Fadli Zon Minta Keterlibatan WWF Dikoreksi

Rabu , 25 Oct 2017, 16:11 WIB
Logo WWF
Logo WWF

REPUBLIKA.CO.ID, JAKARTA -- Penunjukan World Wildlife Fund (WWF) Indonesia sebagai Project Management Officer (PMO) pembentukan Sekretariat Bersama Reforma Agraria dan Perhutanan Sosial oleh pemerintah, mendapat kritik dari Wakil Ketua DPR RI Fadli Zon, yang juga merupakan Ketua Umum Dewan Pimpinan Nasional Himpunan Kerukunan Tani Indonesia (DPN HKTI). Menurutnya, tindakan pemerintah itu telah membuat agenda reforma agraria yang bersifat vital akhirnya jadi dianggap lelucon.

“Saya kira urusan reforma agraria sangat tidak pantas ditangani oleh sebuah LSM internasional yang bidang kerjanya juga jauh dari isu agraria. Keputusan itu harus dipertanyakan dan mestinya segera dievaluasi oleh presiden,” ujarnya melalui siaran pers.

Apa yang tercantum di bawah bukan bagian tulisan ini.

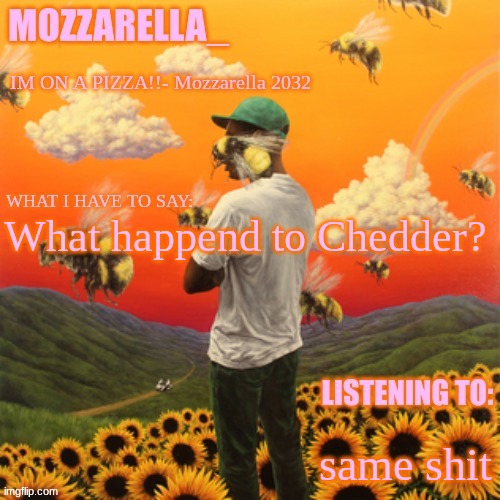 Flower Boy | What happend to Chedder? same shit | image tagged in flower boy | made w/ Imgflip meme maker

Secara kelembagaan, sekretariat bersama itu memang bisa saja melibatkan banyak pihak, termasuk Lembaga Swadaya Masyarakat (LSM), atau aktivis LSM, tapi menurut Fadli tentu saja dipilih yang kompeten dan telah berpengalaman dengan isu agraria. "Ceroboh sekali jika pemerintah menyerahkan koordinasi lintas kementerian dan lembaga yang menangani reforma agraria ini kepada unsur non-pemerintah. Apalagi, LSM yang ditunjuk ini adalah LSM konservasi lingkungan. Kekeliruannya jadi berlipat-lipat,” katanya.

Reforma agraria menurutnya merupakan isu yang bersifat lintas sektor dan lembaga. Menurut Fadli, untuk memudahkan koordinasi, seharusnya presiden memimpin langsung koordinasinya.

“Insiden ini membuat kita jadi bertanya-tanya tentang keseriusan pemerintah dalam melaksanakan agenda reforma agraria. Dalam catatan saya, meskipun pemerintahan saat ini telah menghidupkan kembali Kementerian Agraria, namun efeknya terhadap agenda reforma agraria belum banyak. Apalagi, hingga kini Presiden belum juga menerbitkan Perpres Reforma Agraria,” ujar Fadli.

Pemerintah seharusnya memperhatikan bahwa sejak 2007 Indonesia terus mengalami defisit perdagangan pangan. Laju permintaan pangan di Indonesia kini mencapai 4,87 persen per tahun, dan tak mampu dikejar oleh kemampuan produksi nasional. Salah satu sebab defisit perdagangan pangan adalah karena masalah agraria.

Jika dibandingkan dengan negara lain, meskipun sering disebut negara agraris, sebenarnya ketersediaan lahan pangan per kapita Indonesia amat sempit, hanya 359 meter persegi untuk sawah, atau 451 meter persegi bila digabung lahan kering. Angka itu menurut Fadli, jauh di bawah Vietnam yang mencapai 960 meter persegi, Thailand yang mencapai 5.226 meter persegi, atau Cina yang mencapai 1.120 meter persegi. Di sinilah pentingnya agenda reforma agraria.

 

“Sekali lagi, saya berharap Presiden segera menegur Menko Perekonomian atas penunjukan WWF Indonesia sebagai Project Management Officer Sekber Reforma Agraria dan Perhutanan Sosial. Atau, jika penunjukkan itu memang sepengetahuan dan seizin Presiden, saya berharap keputusan itu segera dikoreksi,” ujarnya.